The district noted the governor proposed fully funding the cost-of-living adjustment (COLA) at an estimated 2.43 percent and suggested using surplus revenues to replenish state reserves while continuing universal meals and restoring some learning-recovery funding the governor had previously reduced.
Finance staff said the district’s 1st interim budget projects total revenues of about $65,700,000 with $68,600,000 in expenditures for the year and that, through December, the district had received roughly 44 percent of projected revenue and spent about 44 percent of its budgeted expenditures — “on track” under current assumptions. Staff warned the governor’s proposal includes risks: volatility in stock-market revenue, regional tax-filing delays tied to recent Los Angeles County disasters, and potential constitutional changes to reserve and funding requirements that could affect LCFF (Local Control Funding Formula) calculations.

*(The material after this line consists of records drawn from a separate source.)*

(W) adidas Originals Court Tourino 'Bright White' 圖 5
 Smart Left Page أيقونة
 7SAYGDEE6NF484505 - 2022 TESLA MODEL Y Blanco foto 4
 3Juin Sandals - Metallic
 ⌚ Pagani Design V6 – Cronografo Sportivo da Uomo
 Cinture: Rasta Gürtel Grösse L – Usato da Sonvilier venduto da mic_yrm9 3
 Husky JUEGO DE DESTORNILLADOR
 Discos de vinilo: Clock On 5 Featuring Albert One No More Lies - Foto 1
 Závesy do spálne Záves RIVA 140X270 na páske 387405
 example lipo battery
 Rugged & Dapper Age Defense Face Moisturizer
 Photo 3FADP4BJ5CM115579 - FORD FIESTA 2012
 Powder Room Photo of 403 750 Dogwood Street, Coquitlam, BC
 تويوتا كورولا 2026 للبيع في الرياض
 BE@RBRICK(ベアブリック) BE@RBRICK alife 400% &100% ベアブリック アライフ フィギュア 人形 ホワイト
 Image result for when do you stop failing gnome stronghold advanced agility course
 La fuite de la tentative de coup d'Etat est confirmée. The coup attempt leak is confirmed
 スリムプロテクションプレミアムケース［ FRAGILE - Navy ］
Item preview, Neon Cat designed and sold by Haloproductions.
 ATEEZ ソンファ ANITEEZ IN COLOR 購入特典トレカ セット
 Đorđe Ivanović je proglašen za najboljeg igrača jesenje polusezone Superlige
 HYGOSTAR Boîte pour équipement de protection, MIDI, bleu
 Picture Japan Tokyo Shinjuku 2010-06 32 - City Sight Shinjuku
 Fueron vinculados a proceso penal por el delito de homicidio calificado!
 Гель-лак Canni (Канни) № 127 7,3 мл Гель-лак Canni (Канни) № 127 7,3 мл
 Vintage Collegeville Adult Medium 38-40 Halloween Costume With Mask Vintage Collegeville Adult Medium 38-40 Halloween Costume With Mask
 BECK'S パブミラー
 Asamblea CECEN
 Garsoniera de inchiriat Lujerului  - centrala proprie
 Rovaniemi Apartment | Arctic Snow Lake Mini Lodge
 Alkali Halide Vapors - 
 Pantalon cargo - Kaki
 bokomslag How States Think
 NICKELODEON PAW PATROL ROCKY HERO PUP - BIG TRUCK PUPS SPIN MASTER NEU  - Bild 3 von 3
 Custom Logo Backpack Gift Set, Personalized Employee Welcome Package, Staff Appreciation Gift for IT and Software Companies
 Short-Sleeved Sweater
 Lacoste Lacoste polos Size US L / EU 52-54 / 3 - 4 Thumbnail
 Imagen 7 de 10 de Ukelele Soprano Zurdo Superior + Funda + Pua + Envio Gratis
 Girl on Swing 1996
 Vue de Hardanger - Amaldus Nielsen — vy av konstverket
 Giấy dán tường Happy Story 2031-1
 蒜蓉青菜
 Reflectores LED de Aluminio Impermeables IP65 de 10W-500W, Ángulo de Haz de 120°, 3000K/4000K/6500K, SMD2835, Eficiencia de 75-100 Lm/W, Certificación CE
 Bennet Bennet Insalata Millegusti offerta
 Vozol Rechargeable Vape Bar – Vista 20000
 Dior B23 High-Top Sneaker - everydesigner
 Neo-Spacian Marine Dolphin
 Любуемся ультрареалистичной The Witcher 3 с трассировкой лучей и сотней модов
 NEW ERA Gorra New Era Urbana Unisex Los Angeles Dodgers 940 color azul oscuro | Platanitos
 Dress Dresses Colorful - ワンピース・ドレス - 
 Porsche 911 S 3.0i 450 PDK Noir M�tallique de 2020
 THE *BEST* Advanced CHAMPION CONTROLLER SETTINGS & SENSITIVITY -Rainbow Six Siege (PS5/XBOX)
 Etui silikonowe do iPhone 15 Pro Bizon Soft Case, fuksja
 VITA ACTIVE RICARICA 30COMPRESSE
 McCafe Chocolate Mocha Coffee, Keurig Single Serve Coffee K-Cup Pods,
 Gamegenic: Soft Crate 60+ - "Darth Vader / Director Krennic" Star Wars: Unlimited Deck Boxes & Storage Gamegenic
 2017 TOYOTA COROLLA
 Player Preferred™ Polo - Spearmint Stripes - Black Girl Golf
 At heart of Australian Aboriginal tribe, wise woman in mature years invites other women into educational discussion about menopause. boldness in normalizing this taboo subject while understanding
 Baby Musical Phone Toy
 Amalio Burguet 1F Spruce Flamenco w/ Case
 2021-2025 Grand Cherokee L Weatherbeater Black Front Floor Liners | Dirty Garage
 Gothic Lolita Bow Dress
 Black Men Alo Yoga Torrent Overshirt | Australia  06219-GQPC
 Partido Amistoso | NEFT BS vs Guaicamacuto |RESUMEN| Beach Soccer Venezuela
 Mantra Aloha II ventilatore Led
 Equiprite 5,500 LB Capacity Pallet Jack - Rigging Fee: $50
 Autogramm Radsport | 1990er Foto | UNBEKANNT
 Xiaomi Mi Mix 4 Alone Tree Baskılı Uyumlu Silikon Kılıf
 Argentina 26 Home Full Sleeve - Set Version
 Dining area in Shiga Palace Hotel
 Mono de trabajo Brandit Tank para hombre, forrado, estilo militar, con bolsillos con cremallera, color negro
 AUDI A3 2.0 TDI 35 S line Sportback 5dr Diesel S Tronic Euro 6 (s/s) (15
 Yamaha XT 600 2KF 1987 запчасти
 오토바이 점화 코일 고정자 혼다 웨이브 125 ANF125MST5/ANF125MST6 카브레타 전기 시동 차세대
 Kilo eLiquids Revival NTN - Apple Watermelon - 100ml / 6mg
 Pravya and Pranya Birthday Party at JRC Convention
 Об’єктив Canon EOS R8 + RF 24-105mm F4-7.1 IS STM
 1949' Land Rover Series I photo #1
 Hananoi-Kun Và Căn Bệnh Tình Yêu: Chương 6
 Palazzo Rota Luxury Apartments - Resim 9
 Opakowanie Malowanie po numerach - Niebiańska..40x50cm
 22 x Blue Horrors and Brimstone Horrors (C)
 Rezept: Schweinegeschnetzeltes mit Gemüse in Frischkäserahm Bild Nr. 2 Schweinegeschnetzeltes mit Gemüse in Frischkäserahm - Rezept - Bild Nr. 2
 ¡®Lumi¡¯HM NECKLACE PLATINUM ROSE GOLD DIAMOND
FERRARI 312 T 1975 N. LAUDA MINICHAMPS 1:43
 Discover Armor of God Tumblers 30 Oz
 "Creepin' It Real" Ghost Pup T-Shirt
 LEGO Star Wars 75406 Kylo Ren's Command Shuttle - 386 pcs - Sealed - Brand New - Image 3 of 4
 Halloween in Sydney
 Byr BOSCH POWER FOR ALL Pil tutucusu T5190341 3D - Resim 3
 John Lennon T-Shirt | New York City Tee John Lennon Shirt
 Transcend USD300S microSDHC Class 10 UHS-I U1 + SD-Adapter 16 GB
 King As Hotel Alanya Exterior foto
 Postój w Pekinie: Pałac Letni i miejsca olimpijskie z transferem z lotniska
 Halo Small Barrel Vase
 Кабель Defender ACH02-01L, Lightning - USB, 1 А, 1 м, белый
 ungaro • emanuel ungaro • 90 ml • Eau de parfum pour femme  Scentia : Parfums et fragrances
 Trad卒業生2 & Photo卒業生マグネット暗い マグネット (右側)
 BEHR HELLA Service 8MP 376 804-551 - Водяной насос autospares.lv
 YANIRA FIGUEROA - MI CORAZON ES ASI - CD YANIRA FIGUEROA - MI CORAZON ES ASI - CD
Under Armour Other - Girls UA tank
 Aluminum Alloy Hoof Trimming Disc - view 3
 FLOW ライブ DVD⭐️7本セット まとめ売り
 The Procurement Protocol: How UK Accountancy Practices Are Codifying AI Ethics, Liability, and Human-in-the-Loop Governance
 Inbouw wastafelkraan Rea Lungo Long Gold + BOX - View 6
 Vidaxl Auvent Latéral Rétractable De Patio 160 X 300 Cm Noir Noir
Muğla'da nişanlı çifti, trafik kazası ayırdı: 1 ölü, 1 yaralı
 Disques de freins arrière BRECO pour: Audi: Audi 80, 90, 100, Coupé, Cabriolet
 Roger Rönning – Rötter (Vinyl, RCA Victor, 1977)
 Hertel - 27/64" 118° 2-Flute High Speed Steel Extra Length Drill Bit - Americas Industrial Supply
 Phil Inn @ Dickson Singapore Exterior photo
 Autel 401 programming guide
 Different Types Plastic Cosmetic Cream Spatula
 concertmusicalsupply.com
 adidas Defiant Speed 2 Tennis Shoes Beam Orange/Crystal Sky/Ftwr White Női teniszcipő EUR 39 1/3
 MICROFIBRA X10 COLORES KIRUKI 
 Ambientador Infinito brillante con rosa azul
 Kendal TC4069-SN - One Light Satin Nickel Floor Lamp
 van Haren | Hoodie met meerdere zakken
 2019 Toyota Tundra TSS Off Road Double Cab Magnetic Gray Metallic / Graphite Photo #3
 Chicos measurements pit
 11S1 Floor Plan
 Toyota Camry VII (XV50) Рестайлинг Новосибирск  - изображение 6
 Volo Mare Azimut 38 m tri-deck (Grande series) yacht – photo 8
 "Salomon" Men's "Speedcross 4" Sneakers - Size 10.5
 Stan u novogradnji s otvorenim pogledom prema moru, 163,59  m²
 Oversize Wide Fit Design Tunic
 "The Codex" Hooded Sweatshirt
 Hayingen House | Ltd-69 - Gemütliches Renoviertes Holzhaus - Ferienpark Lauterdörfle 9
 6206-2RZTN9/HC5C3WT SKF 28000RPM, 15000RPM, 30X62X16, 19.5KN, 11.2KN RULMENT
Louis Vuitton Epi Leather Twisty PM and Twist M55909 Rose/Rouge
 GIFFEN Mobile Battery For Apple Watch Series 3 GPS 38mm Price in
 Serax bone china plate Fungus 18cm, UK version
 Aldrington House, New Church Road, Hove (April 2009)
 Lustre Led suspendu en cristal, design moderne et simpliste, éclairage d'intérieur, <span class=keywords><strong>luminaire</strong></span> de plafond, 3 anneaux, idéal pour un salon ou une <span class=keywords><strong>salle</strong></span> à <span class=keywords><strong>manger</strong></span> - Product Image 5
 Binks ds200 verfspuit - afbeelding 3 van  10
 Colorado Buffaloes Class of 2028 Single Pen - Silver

Staff also highlighted longer-term risks including the scheduled expiration of Proposition 30/55 provisions that direct certain income-tax revenue to the Education Protection Account (currently estimated to represent $9 billion–$14 billion annually) and possible LCFF recalculation proposals such as regional cost adjustments or changes to unduplicated pupil counts that could materially change district funding.
Why it matters: State budget decisions drive school funding. Changes to reserve rules, LCFF calculations or expiration of voter-approved tax measures could materially change revenues.
Board action: Finance staff said a 2nd interim budget update will be presented at the February meeting; no board vote on any state-level proposals was taken at this meeting.